Figure 6 shows the experiment results for emergent ability analysis and stability analysis. In Figure 6, (a)-(d) refer to the analysis of emergent abilities, and (c) refers to the evaluation of stability. We proved that single-cell LLMs have emergent abilities but the stability of single-cell LLMs should be improved.ย
Figure 6. Different comparison groups for emergent ability analysis and stability analysis. (a): The model scale of different methods. (b): Accuracy of LLMs and vanilla NN in Cell-type Annotation task. The dataset here is the Pancreas cross dataset. (c): Accuracy of LLMs and vanilla NN in Cell-type Annotation task. The datasets here are MB Spatial and MCA. (d): Overall score comparison including ResPAN and different settings of scGPT. The dataset here is the human spatial transcriptomic dataset. (e): Different batch correction scores of different models based on changing random seeds (left) and different average classification scores of different models based on changing random seeds (right). The bold black line represents the median value while the length of each box can be interpreted as the variance level.
We discuss the emergent abilities of single-cell LLMs, with scBERT, Geneformer, and scGPT. We considered three scenarios to investigate the emergent abilities:
Cross-data cell type prediction: our anticipated emergent ability would be a significant improvement in prediction accuracy for single-cell LLMs compared to Vanilla NNs of a smaller size. Figure 6 (a) provides an overview of the different model sizes. From Figure 6 (b), it is evident that scGPT and Geneformer outperformed NNs in terms of accuracy in cross-data scenarios, suggesting the emergent abilities in the cross-data cell-type annotation task. The low accuracy of scBERT may be caused by its default fine-tuning setting and/or the pre-trained model weights.

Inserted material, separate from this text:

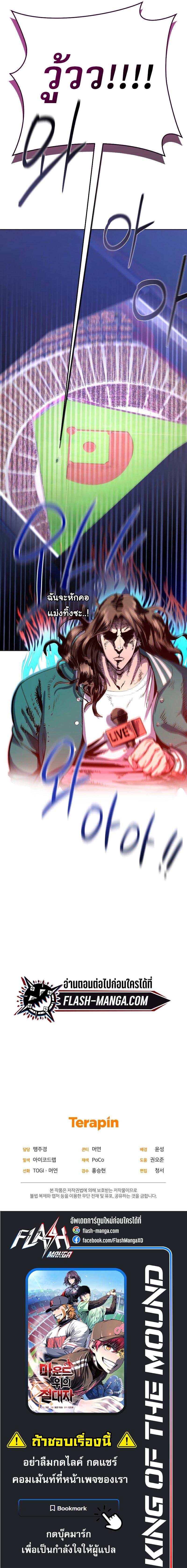 Manga-lc-com อ่านมังงะ อ่านการ์ตูน ออนไลน์ ฟรี King of the Mound ตอนที่ 1 2 3 4 5 6 7 8 9 10 11 12 13 14 ฟรี ไม่มีโฆษณา Manga-lc - อ่าน มังงะ อ่าน การ์ตูน ออนไลน์ อ่านมังงะ ฟรี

Cross-species analysis: the desired emergent ability mirrors that of the first task. Figure 6 (c) shows that Vanilla NN outperformed scGPT for both the MCA and MB Spatial datasets. Vanilla NN was comparable to Geneformer for MCA dataset and worse than Geneformer for MB spatial dataset. Moreover, Vanilla NN was better than scBERT for the MCA dataset and worse than scBERT for the MB spatial dataset.

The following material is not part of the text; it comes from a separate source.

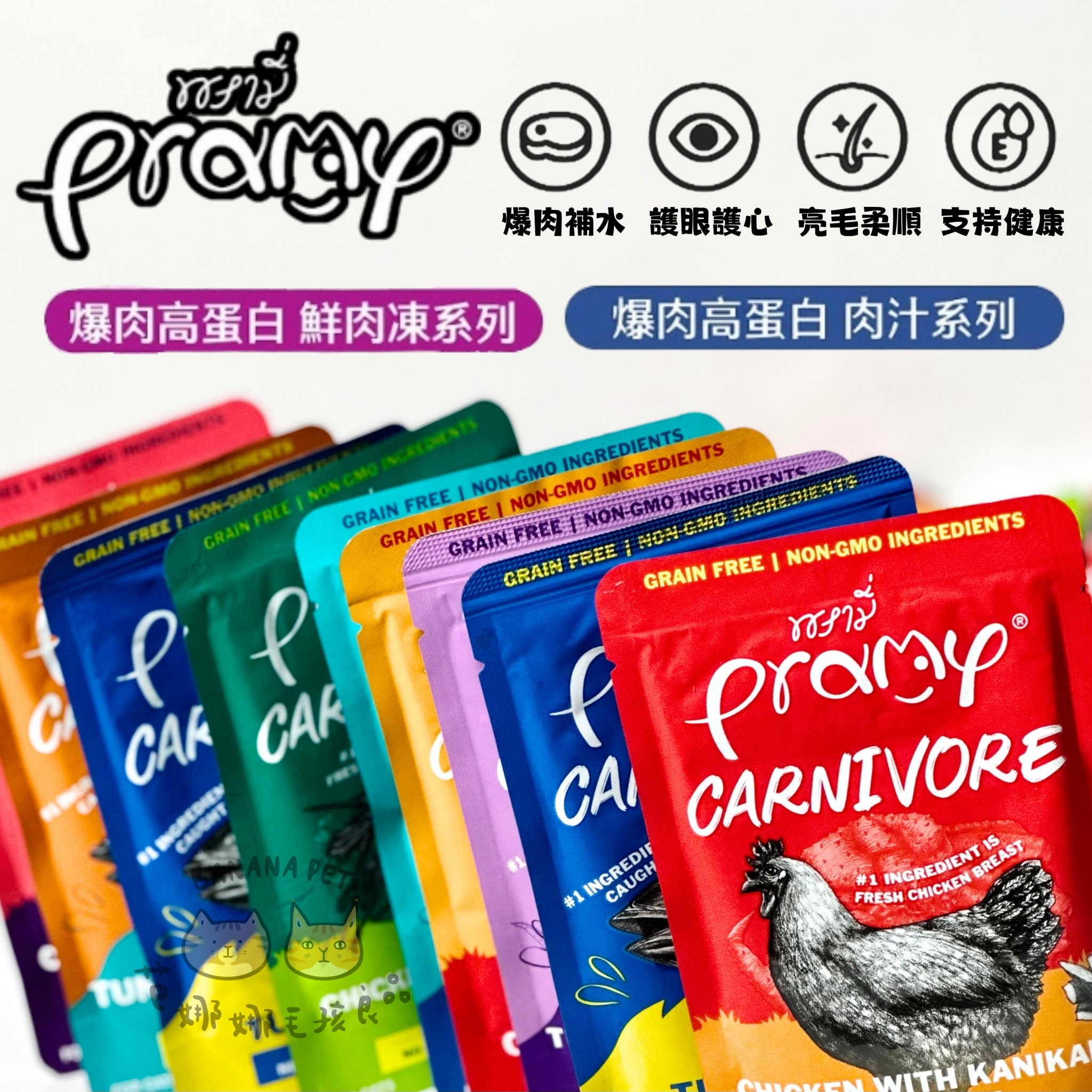 Pramy 普拉｜沛米 爆肉高蛋白餐包 70g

Spatial transcriptomics analysis: Figure 6 (d) suggests the emergent ability for batch effect correction. The fine-tuning process appeared beneficial in reducing the batch effect inherent in the spatial data, whereas scenarios without pre-training yielded subpar results. However, the performance of scGPT in the integration of spatial data was still worse than that of ResPAN. Figure 6 (c) shows that we did not detect any emergent ability pertaining to the second component in the MB Spatial data annotation task.

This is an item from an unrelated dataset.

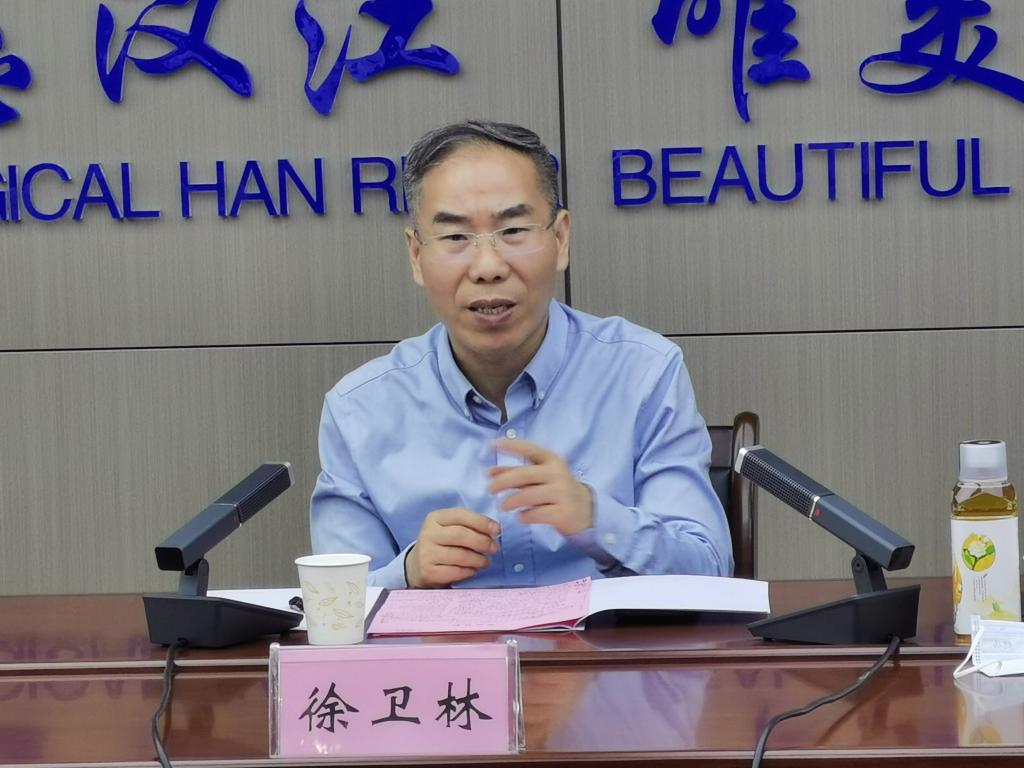 伟德bv国际体育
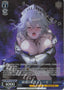 Angel of Destruction, Teresse / 破壊の天使 テレーゼ - Brown Dust 2 SR★ BRD/W139-093S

To analyze the stability of single-cell LLMs, we selected Batch Effect Correction and Cell-type Annotation as two representative tasks and varied the seeds of single-cell LLMs to investigate the model stability. These two tasks are the main tasks in single-cell data analysis and have solid metrics for evaluation. Ideally, the results of different single-cell LLMs should not vary substantially across different datasets. We also considered stability for other benchmarking tools. Our experiment results showed that the stability for single-cell LLMs is task-specific.
Based on Figure 6 (e), the variance of scVI and ResPAN was generally lower than that of scGPT, and scVI and ResPAN also had a higher score on average. Therefore, single-cell LLMs were not as stable as SOTA deep-learning-based methods for the Batch Effect Correction task. Figure 6 (f) suggests that the variance of Geneformer was generally smaller than scGPT and scBERT. All three models had high median average scores. Moreover, the variance of scBERT was relatively large in the experiments based on the MCA dataset, which implies that single-cell LLMs might fail under certain random seeds.